Rvdo. P. José María Alba Cereceda, S.I.
Meridiano Católico Nº 168, diciembre de 1992
Nos enseña el Concilio de Trento que la fe es el comienzo de la salvación y la raíz de toda santificación. Ésa es la absoluta necesidad que tiene la Iglesia de predicar al mundo para que reciban todos los hombres la fe y se salven. Y ésa es también la necesidad de aumentar nuestra fe para cumplir el precepto del Señor de santificarnos más y más.
La fe se conserva y practica por la oración. Crece con la frecuencia de Sacramentos. Se desarrolla por el estudio. Se completa y consuma con las obras de misericordia.
Si no se ora se va apagando la fe. Ésa es la causa de tantos que dicen han perdido la fe. No han orado por soberbia. Dios resiste a los soberbios y pierden la fe que anida en corazones humildes. La frecuente confusión de los propios pecados y la comunión frecuente robustece la fe y la arraiga en el alma. Pero es preciso también el estudio de nuestra religión. Hay que ser muy enérgico para romper con toda lectura, visión de televisión, revistas, y emplear exclusivamente el poco tiempo de que disponemos habitualmente a leer y profundizar más en todas las verdades que nos enseña la Iglesia. Las mil incongruencias que se producen en el proceder de millones de católicos, incluso entre personas intelectuales, se debe a no haber avanzado en el estudio serio de nuestra fe, y en las consecuencias que de ella se derivan en todos los aspectos de la vida.

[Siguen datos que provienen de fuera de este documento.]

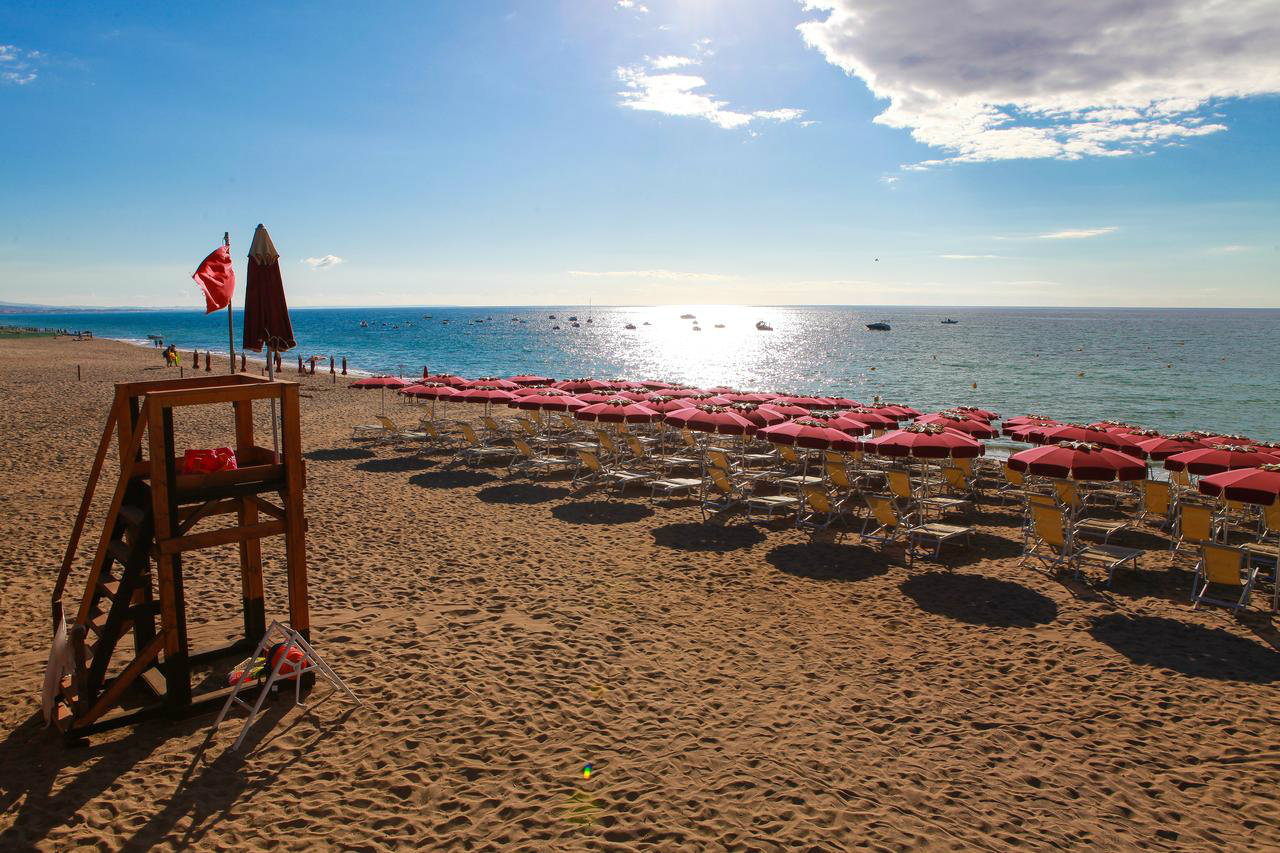 3 CLUB ESSE SUNBEACH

La plenitud de una vida de fe tiene la senda escondida de las obras de misericordia. Ver a Dios en todas las cosas, pero de modo particularísimo en los enfermos, pobres, encarcelados y necesitados. Ver a Dios desconocido en tantos lugares y sentirse impelido a trabajar por la salvación y santificación de las almas. Es apostolado, es la vida de la fe que se comunica para devolver a Dios la luz de las almas que le arrebató el diablo. Ser apóstoles siempre es vivir en fe y de la fe. A esa vida de fe estamos llamados.